(Collected data)
········
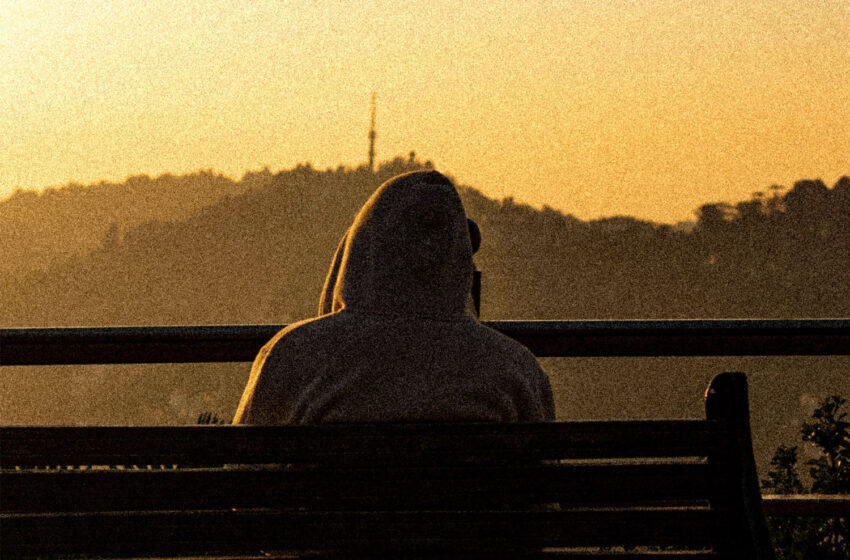  Berkken convierte el desamor en canción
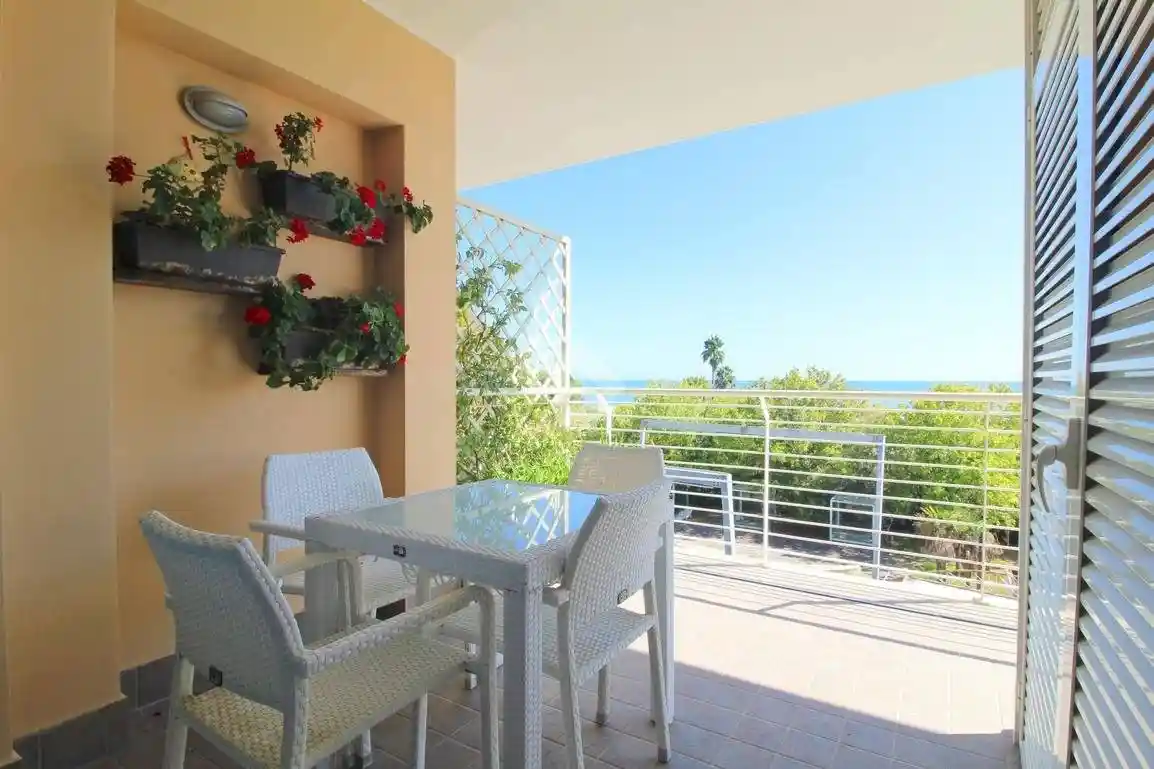 Trilocale via Ippodromo 11, Centro, Giulianova - foto 2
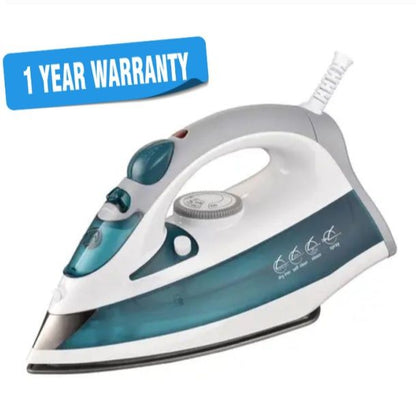 Kenwood Steam Iron 2600W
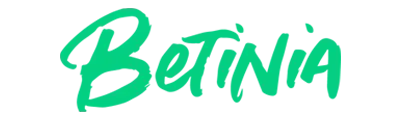 Betinia Casino Logo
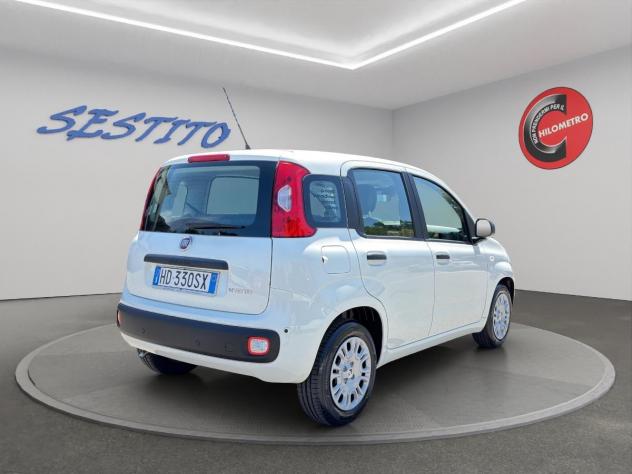 FIAT - Panda Pandina 1.0 firefly hybrid Pop s&s 65cv - Foto 5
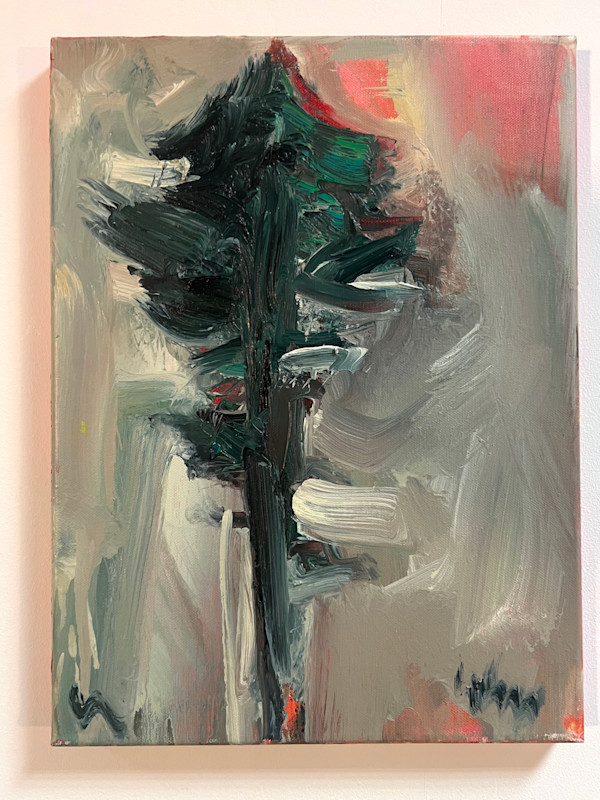 Tanne schwarz by Gabi Streile, Image 1.
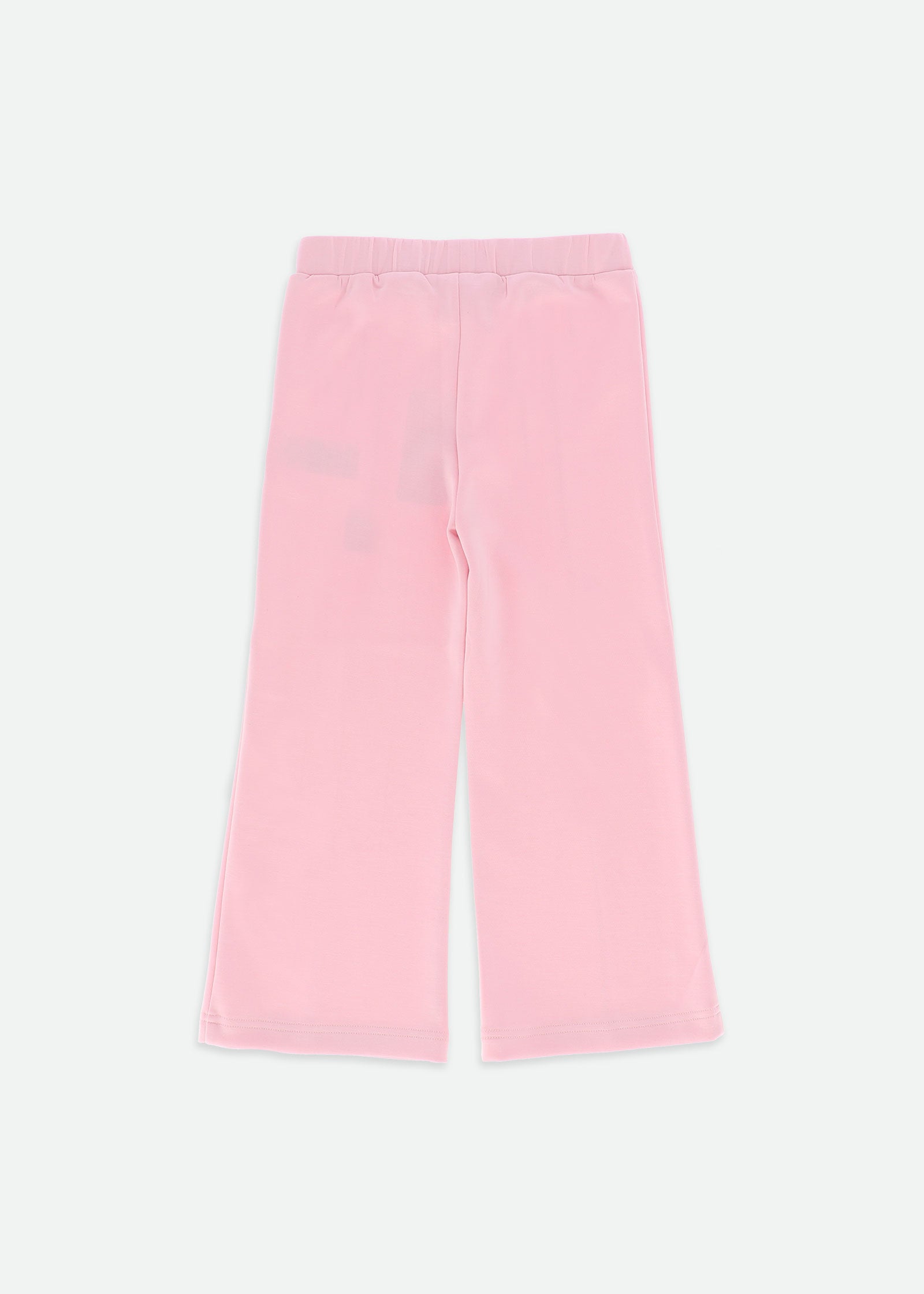 Risa Bootleg Trouser Pink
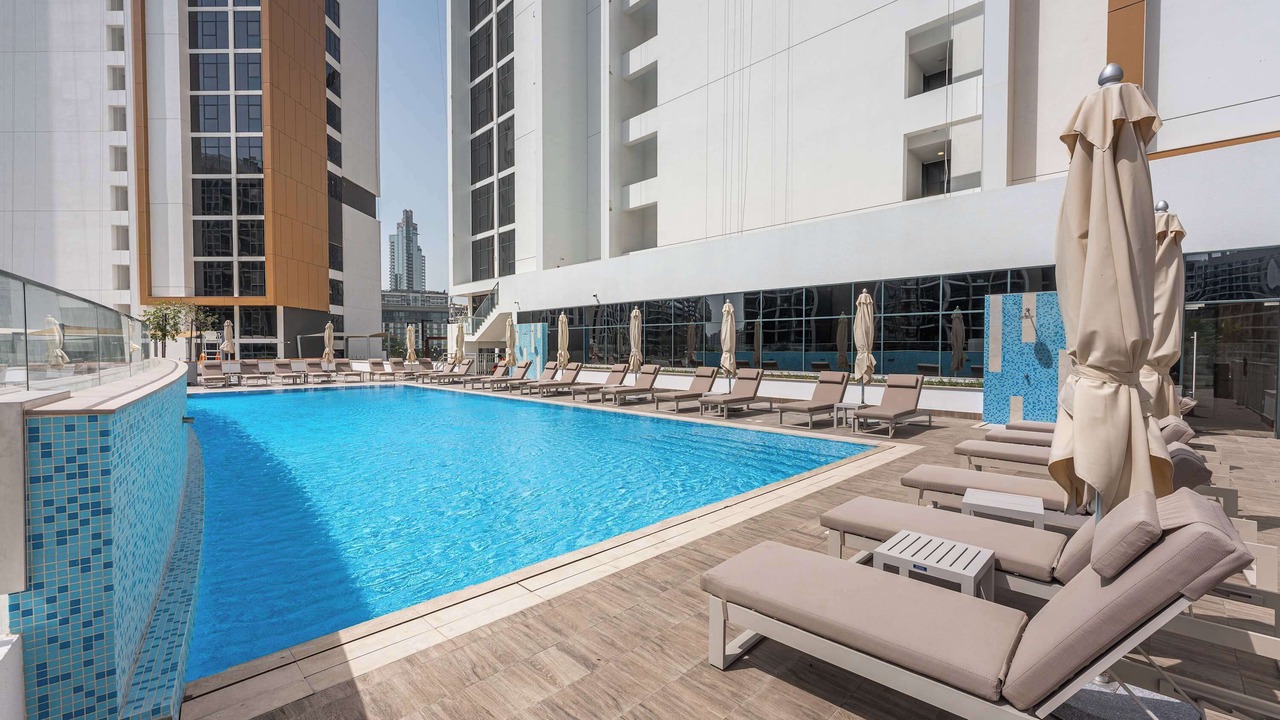 Photo of Outdoor in Nad Al Sheba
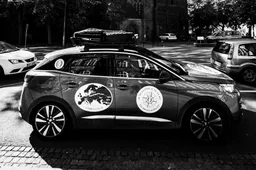 Sulle orme della Via della Seta – Giorno 19: da Copenaghen a Brema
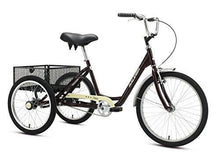 Load image into Gallery viewer, Raleigh Bikes Tristar Tricycle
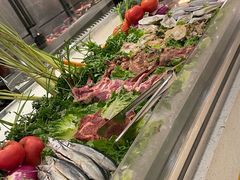 -元一希尔顿酒店·禅自助餐厅·啤酒花园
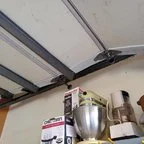 After - Comprehensive Garage Door Inspection for Residential Home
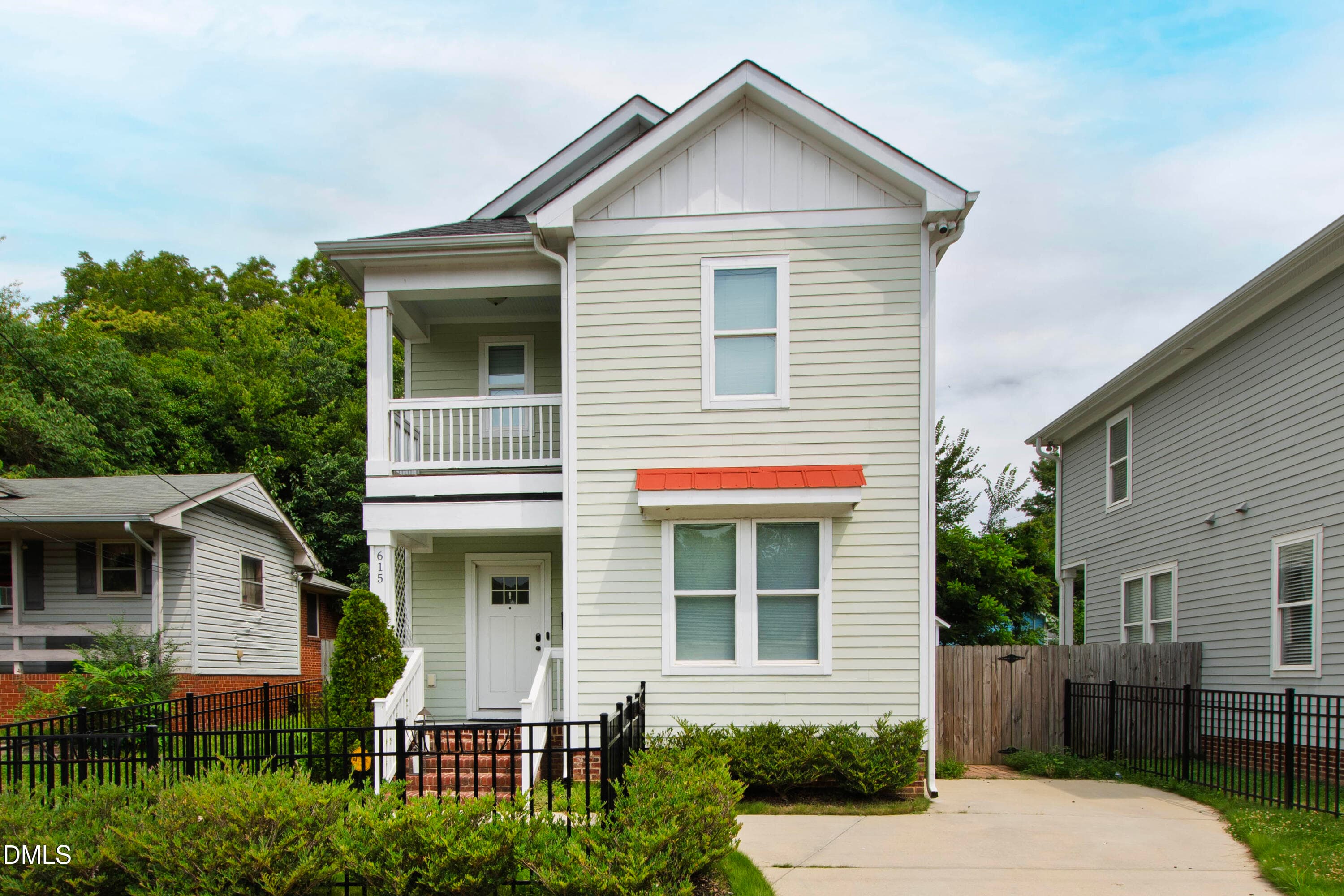 Lenoir (3) - 615 E Lenoir Street, Raleigh, NC 27601, Raleigh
········
TASK:
Output only the lines from the one that contains "Tanne schwarz by Gabi Streile, Image 1." to the end of the entries above, both end lines included, and drop the pictures.

TASK SOLUTION:
 Tanne schwarz by Gabi Streile, Image 1.
 Risa Bootleg Trouser Pink
 Photo of Outdoor in Nad Al Sheba
 Sulle orme della Via della Seta – Giorno 19: da Copenaghen a Brema
 Load image into Gallery viewer, Raleigh Bikes Tristar Tricycle
 -元一希尔顿酒店·禅自助餐厅·啤酒花园
 After - Comprehensive Garage Door Inspection for Residential Home
 Lenoir (3) - 615 E Lenoir Street, Raleigh, NC 27601, Raleigh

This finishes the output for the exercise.